If you participate in yoga, you know that before you begin, there is a physical and spiritual warm-up. The same holds true for any athletic endeavor: loosen up before. Singers will vocalize to warm-up prior to their public singing. Attorneys will review their closing argument before they present it to the judge and/or jury. What about attending synagogue services for the High Holy Days (although this question holds for any time one prays)? The question is not “Do I warm up?” Rather, the question to ask is, “How do I warm up?”
I know that it is the annual synagogue reunion, as there are many present that you have not seen in quite a while, and that requires time to get caught up. The social element is an important one, but not the most important one. How might one use the time in services effectively?

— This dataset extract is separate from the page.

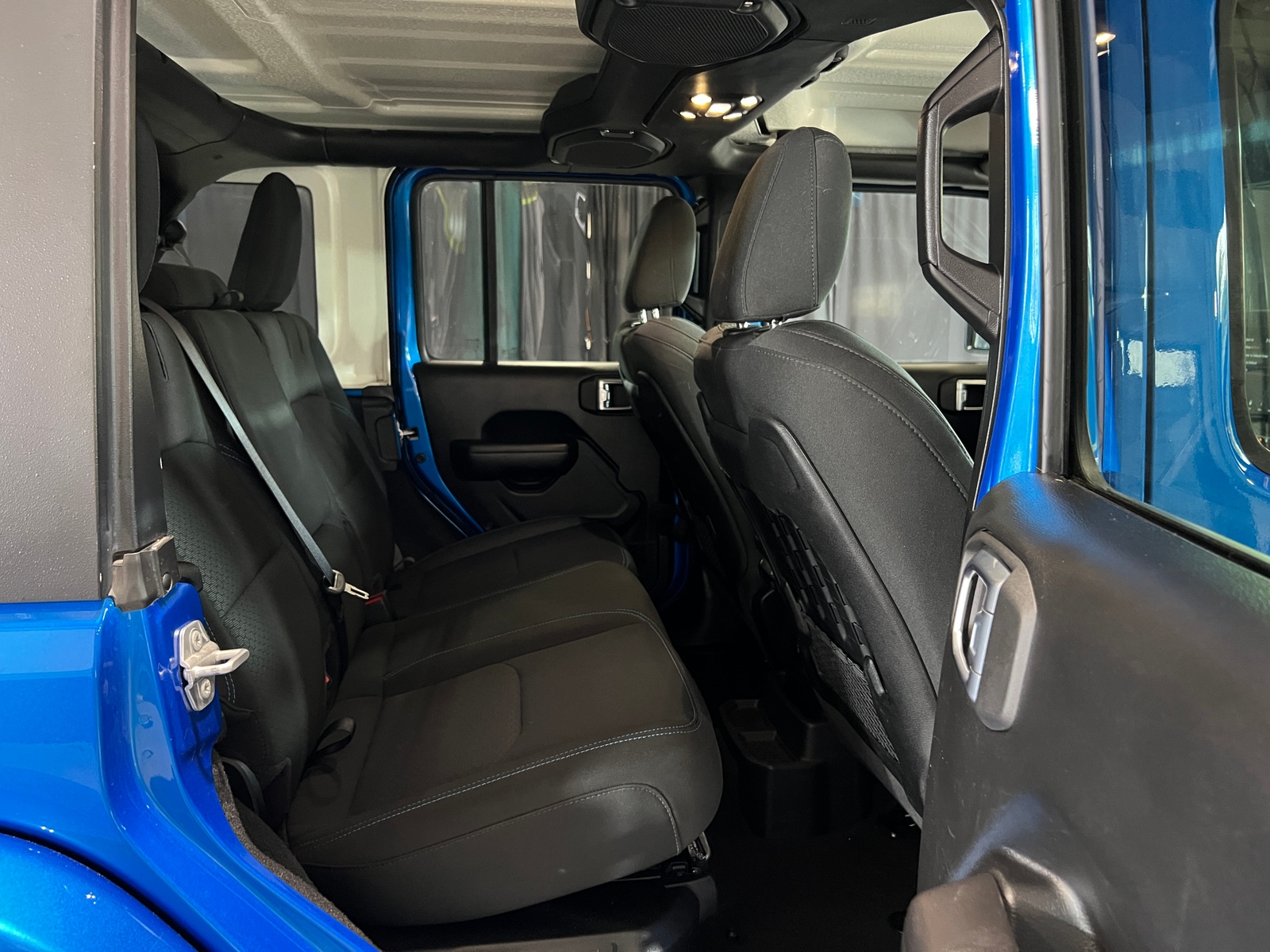 Thumbnail: 2021 Jeep Wrangler - 6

Below are some suggestions.
Don’t Look at Your Watch. If you are more concerned with the passage of time and not how well you have spent your time, then you are doing your soul a disservice.
Browse Through the Machzor. If you find a text that resonates, stay with it, even if the congregation has moved to the next page. Reread it, meditate on it, derive personal meaning and inspiration from it.

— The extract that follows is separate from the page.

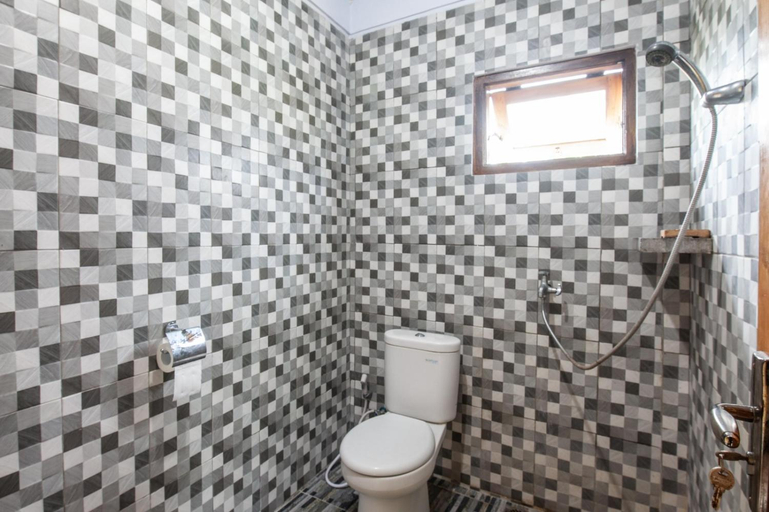Bathroom, Medewisurf-homestay, Jembrana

Save the Chatter with Your Neighbors. You are present to talk to God. Your neighbors can wait.
Come Early, Stay Late. If you have predetermined your duration, you are cheating yourself out of a potentially meaningful experience by limiting what you could possibly achieve. The brisket can wait.
Leave the World Outside. With the non-stop 24-hour news cycle constantly barraging us, wouldn’t it be wonderful to just leave it alone? Besides, it will still be there for you, waiting to draw you back in.
Sometimes Just Listen. The words and the music of the High Holy Days are a 2,000-year-old symphony. Let it flow over and through you, to carry you aloft to undiscovered terrain. Permit yourself to be draw in, and not merely be a passive observer. Be an active listener and engage with the prayers.
We are given this unique opportunity to pray as a community. Take advantage of it. Your soul will thank you. May the coming New Year of 5780 be one of joy and blessing for you and all those that you hold dear. L’shana Tova Tikatevu V’techatemu.